Bumstead supports additional funding for front-line workers, others affected by COVID-19
LANSING, Mich. — The Michigan Senate on Wednesday approved $524 million in available COVID-19 federal funds to help families in need of financial assistance, deliver much-needed supplies to front-line workers and support critical state infrastructure.
“The coronavirus outbreak has burdened families across the state of Michigan. People have lost loved ones and are facing tremendous economic hardship as they try to care for their families as best they can,” said Sen. Jon Bumstead, R-Newaygo. “Front-line workers and essential employees have gone above and beyond to help keep our families safe during this crisis, so it’s important we utilize the resources available to us to provide additional support for these workers so they can continue to support their families during this tough time.”
Senate Bill 690 would provide $100 million in support pay for first responders such as police officers, firefighters and EMS workers, $50 million for additional testing supplies and personal protective equipment (PPE) for front-line workers in hospitals and other settings, $125 million to reduce child care costs for essential workers, and $178 million to increase pay by $3 an hour for direct care workers, including those who provide care for seniors in nursing homes, disabled individuals and individuals with mental illnesses.
“We owe a great deal to the front-line workers who have remained on the job so we could get the items and care we need for our families,” Bumstead said. “This funding will help provide much-needed protection equipment and other resources for those who have risked their own lives and their families’ lives as they remained on the front lines battling this virus.”
The legislation includes language Bumstead introduced, which would provide $11 million to immediately hire an additional 300 temporary workers to the Unemployment Insurance Agency. Additionally, the bill contains $12 million for agriculture processors for testing, facility needs and PPE supplies; $45 million for at-home learning, summer education and assessment support for schools; and $2.5 million in assistance to hospitality workers who may not eligible for unemployment benefits.

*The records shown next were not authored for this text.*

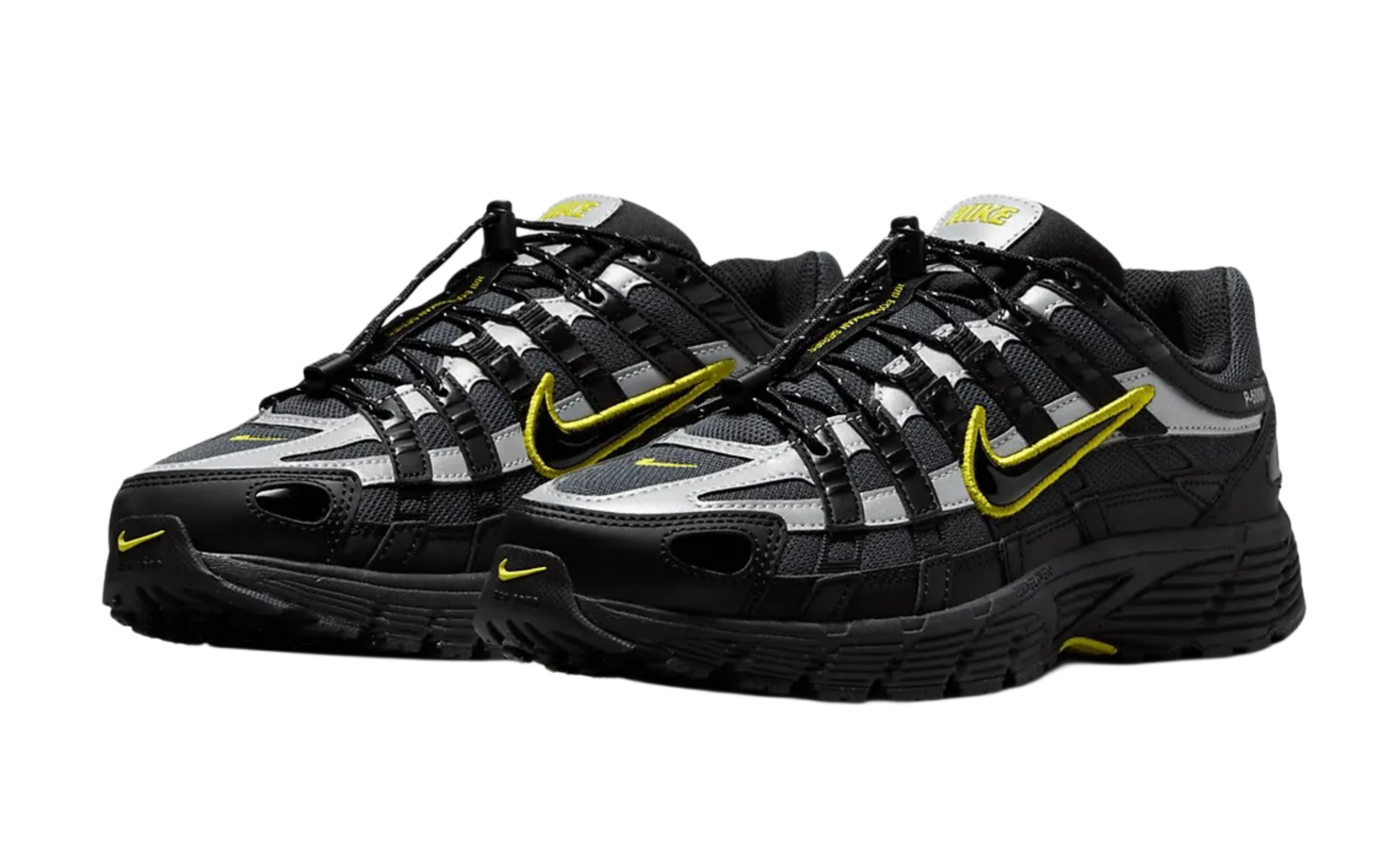 Nike P-6000 - Black High Voltage
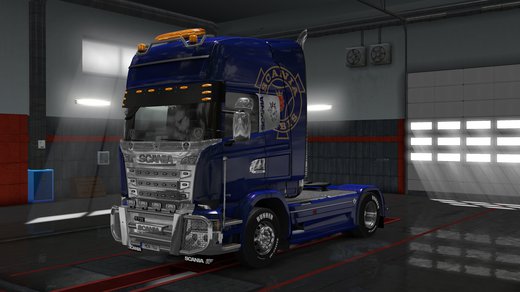 Scania Streamline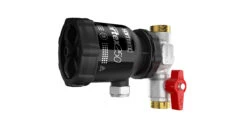 Sentinel Eliminator Vortex250 22mm Filter With Valves ELIMV250-DRA22W-GB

“The state’s unemployment agency has been drastically overwhelmed, and my office has been contacted by hundreds of constituents who are not receiving the unemployment benefits they are entitled to,” Bumstead said. “The current system was not prepared for an influx in the number of unemployment claims, and it is unacceptable that people are still not receiving their benefits.”
Bumstead said this federal funding will help alleviate some stress on our already severely strained budget as we work to provide essential resources for workers and families in need.
“Today’s action puts federal relief dollars to work to better support our front-line workers, first responders, teachers and families while conserving state dollars for long-term needs as we prepare for the incredibly difficult budget season that’s ahead of us.”
SB 690 now heads to the House of Representatives for consideration.